# Data Tutorial

This notebook demonstrates how to use the `src/meli_ads/data` module to load and transform the dataset.

In [1]:
import sys
import os
from pathlib import Path

# Ensure src is in python path
project_root = Path(os.getcwd()).parents[0]
if str(project_root) not in sys.path:
    sys.path.append(str(project_root))

from src.meli_ads.data import MeliChallengeDataset
from src.meli_ads.data.transforms import HistoryFeatureExtractor

## 1. Initialize Dataset

We initialize the dataset pointing to the raw data directory.

In [2]:
# Initialize dataset with the transformer
dataset = MeliChallengeDataset(
    data_dir='../data/raw',
    transform=HistoryFeatureExtractor()
)

## 2. Load Data

Load the training data (first 1000 rows for speed).

In [3]:
df_train = dataset.load_train(nrows=1000)
df_train.head()

Loading train data from ../data/raw/train_dataset.jl...
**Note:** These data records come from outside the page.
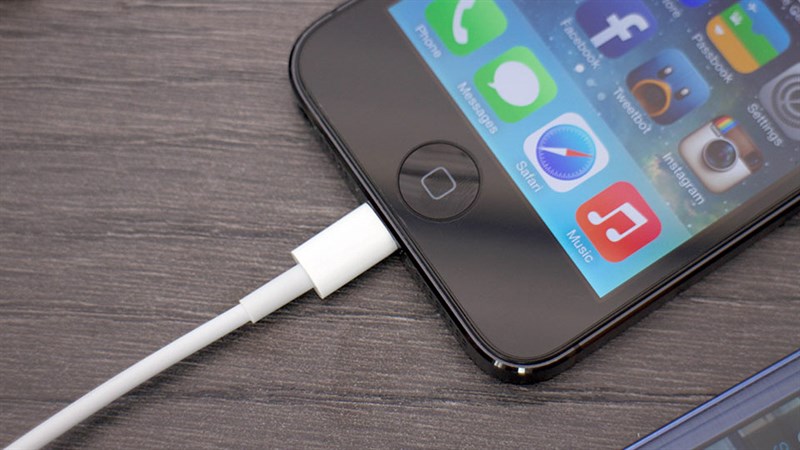 Đừng để mất vàng với các lỗi sạc iPhone này!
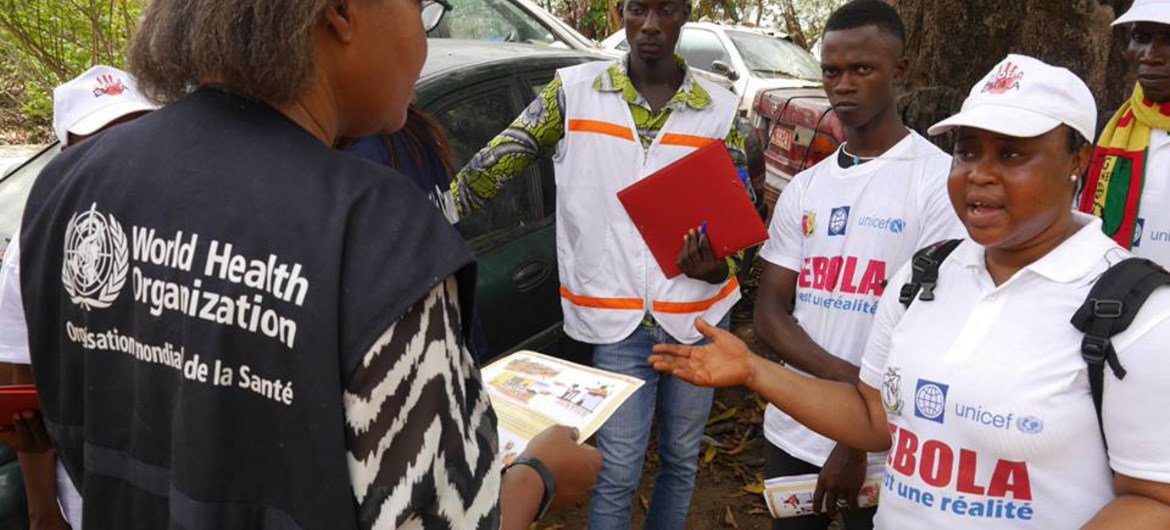 世界卫生组织工作人员在几内亚帮助民众应对埃博拉疫情。世卫组织图片/P. Haughton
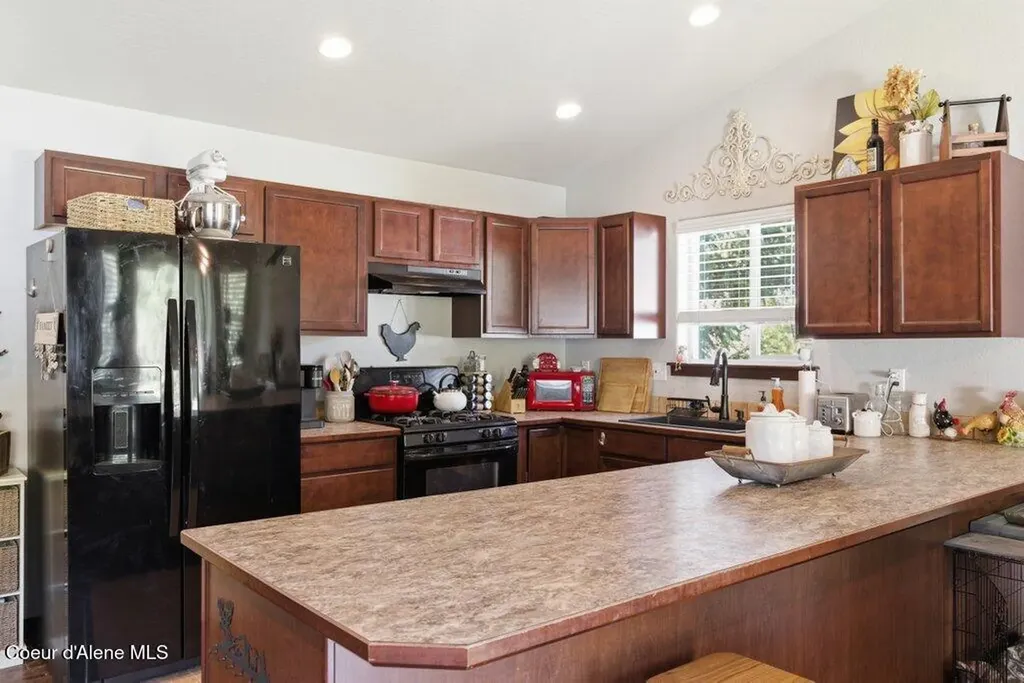 4322 W Delaware Street Spirit Lake ID 83869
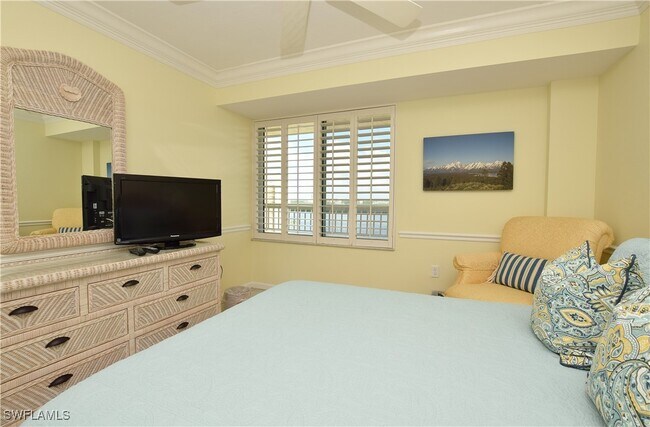 property at 21 Bluebill Ave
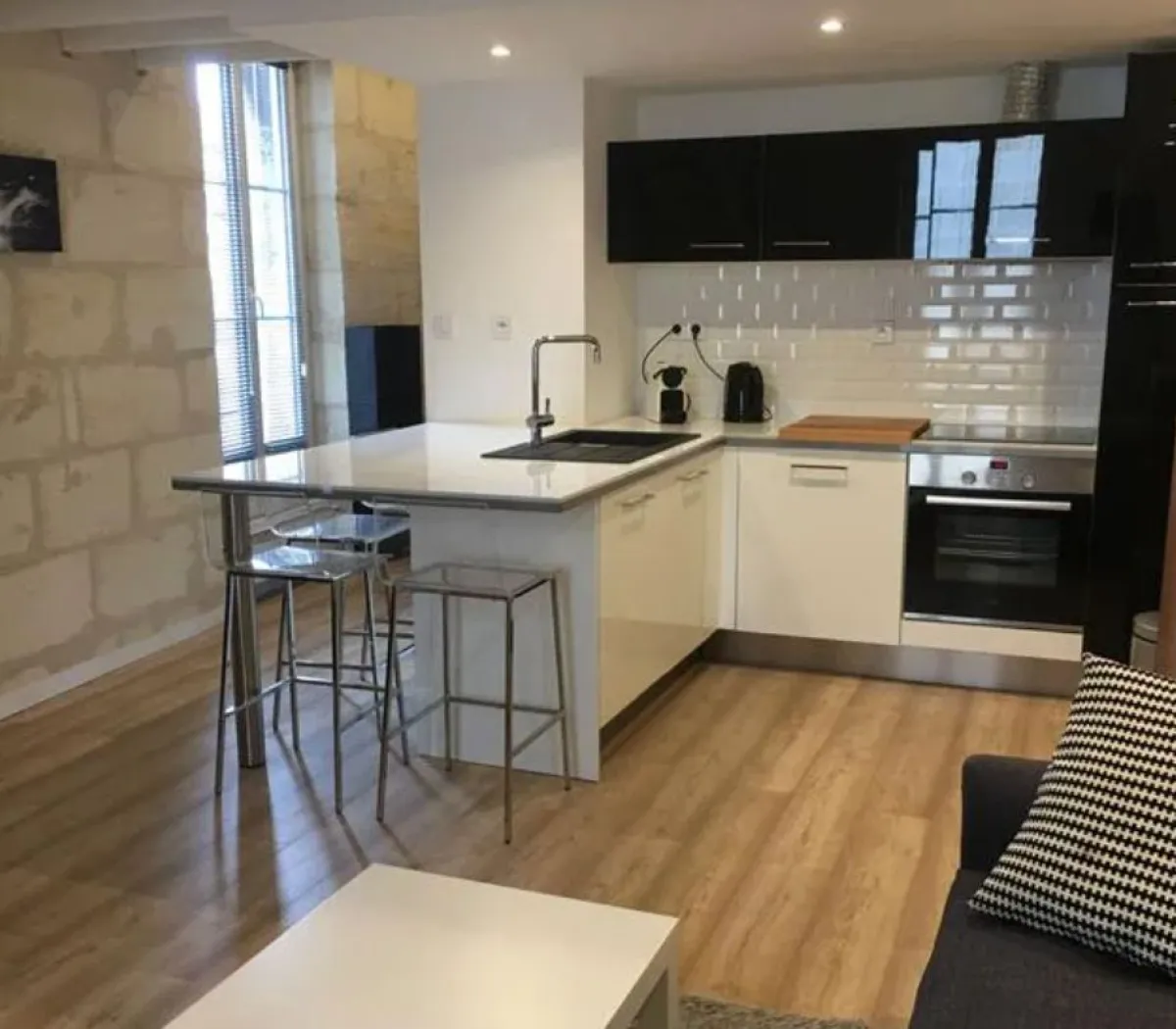 Location Bordeaux Appartement 85bc60a9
Unnamed: 0,user_history,item_bought
0,"[{'event_info': 1786148, 'event_timestamp': '2...",1748830
1,"[{'event_info': 643652, 'event_timestamp': '20...",228737
2,"[{'event_info': 248595, 'event_timestamp': '20...",1909110
3,"[{'event_info': 'RADIOBOSS', 'event_timestamp'...",1197370
4,"[{'event_info': 'AMAZFIT BIP', 'event_timestam...",2049207


## 3. Apply Transforms

The `load_train` returns the raw pandas DataFrame. 
To get a **transformed** example (with features extracted), we use `get_example(index)`.

In [4]:
# Get the 0-th example, transformed
example = dataset.get_example(0, dataset='train')

print("Transformed Keys:", example.keys())
print("Num Events:", example['num_events'])
print("Item Bought:", example['item_bought'])

Transformed Keys: dict_keys(['user_history', 'item_bought', 'num_events', 'num_views', 'num_searches', 'last_viewed_item'])
Num Events: 19
Item Bought: 1748830